Comentario del mes a lo más destacado de la música nacional e internacional.
Tengo un grupo de amigos, casi todos mayores de sesenta años, que todavía me sorprenden con su sentido del humor y, en general, con su sentido —digámoslo así— de humanidad. En un reciente encuentro, uno de ellos reclamó, medio en broma-medio en serio (como suele hacerlo), por mi escasez de alusiones personales (a este grupo, claro) en mis últimas crónicas musicales. Por esas cosas de la vida y con independencia de ese reproche, que considero merecido y justo, me he acordado mucho de estos caballeros beneméritos, tan queridos por mí, en especial a propósito del primero de los discos que a continuación quisiera recomendar.
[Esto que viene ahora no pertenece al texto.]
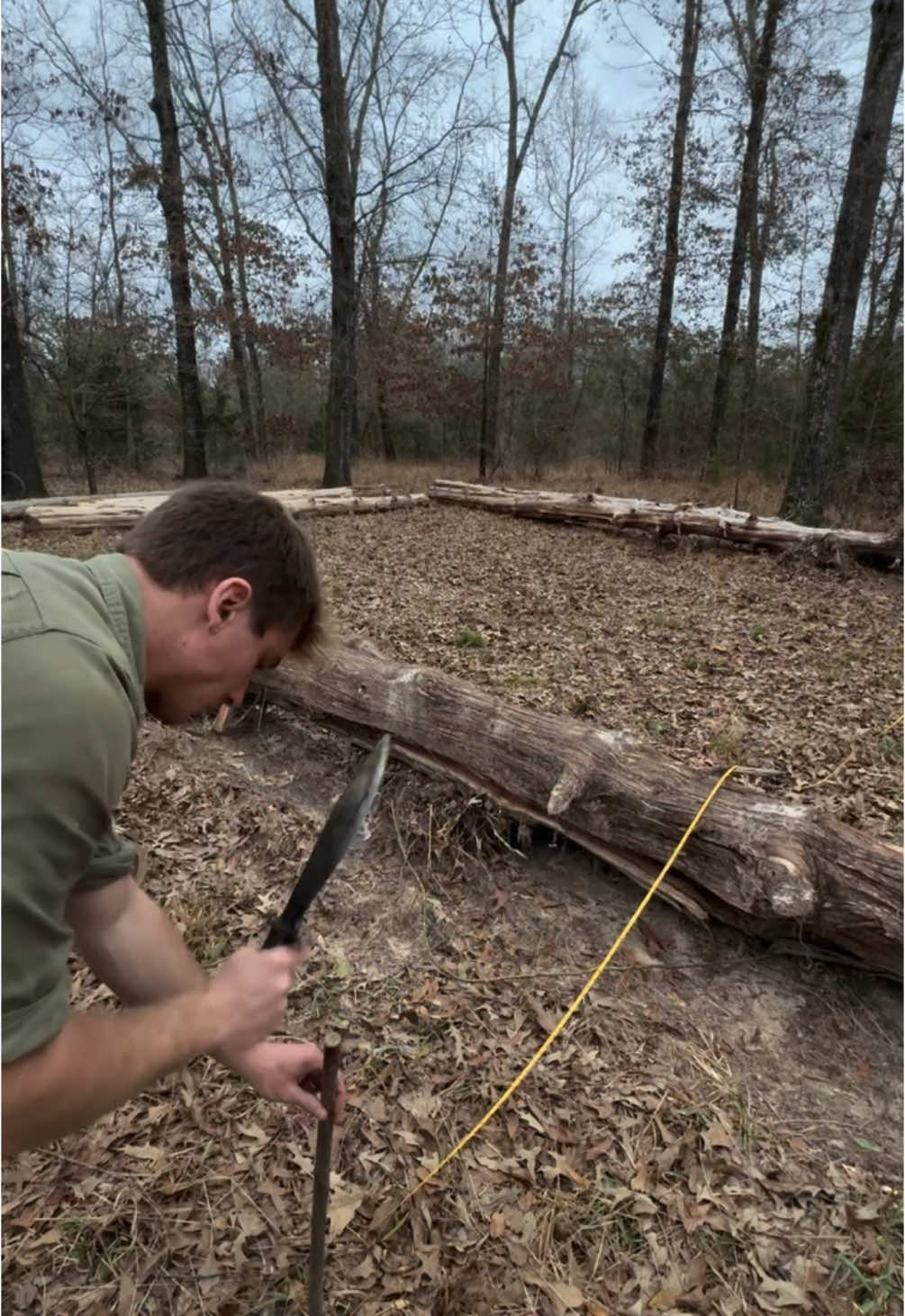 Building a Log Cabin by Hand Part 1 Chapter 2. Time to start building! We need to set the foundation but first we need to stake it out! Lets do some measurements and get it lined up! ##logcabin##cabin##Outdoors##cabinlife##rdr2##bushcraft##handtools##lumberjacks##countrytactical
Lo primero que tendría que decir es que, contra toda lógica, este nuevo lanzamiento de Olivier Bogé, artista oriundo del sur de Francia, no es un disco de jazz, por más que Apple Music o cualquier otro sistema de streaming así lo catalogue. Ya antes he hablado de este músico (Mensaje de marzo/abril de 2016), a propósito de su tercera producción, Expanded Places (2015), destacando entonces algo que aquí aparece con aún mayor claridad, a saber, que estamos en presencia de un músico que originalmente se formó para hacer una carrera como pianista; pero que en el camino su inquietud creativa lo llevó a hacerse conocido, más bien, como un destacado saxofonista. Ya en ese disco de 2015 advertíamos también su adicional asomo al mundo de la sonoridad de la guitarra y al recurso vocal. Este quinto disco suyo es una auténtica radicalización de ese desarrollo en su carrera musical. Básicamente, se trata de una colección de piezas cantadas, con el acompañamiento de guitarras acústicas y eléctricas. La propuesta se completa con piano, Fender Rhodes, teclados, saxo y contrabajo, instrumentos todos ejecutados por el mismo Bogé (solo algunas secciones de percusión fueron aportadas por el baterista Karl Jannuska). Las canciones son también composiciones del artista, tanto en su música como en sus textos. La voz de este músico, que se suponía que llegaría a ser un gran pianista o un saxofonista connotado en el mundo del jazz, nos sorprende aquí con un estilo dominado por lo que su mismo sitio web ha descrito como un «folk intimista» y, yo agregaría, profundamente poético. Es una voz sin grandes pretensiones, más bien blanca y carente de efectismos, pero de una intensa emocionalidad. Pienso: esto es como un disco de Eduardo Gatti (a quien respeto mucho), pero francés. Sé que los gustos de mis amigos van por otros derroteros, pero de todos modos les recomiendo vivamente escucharlo, atentamente y sin impaciencia.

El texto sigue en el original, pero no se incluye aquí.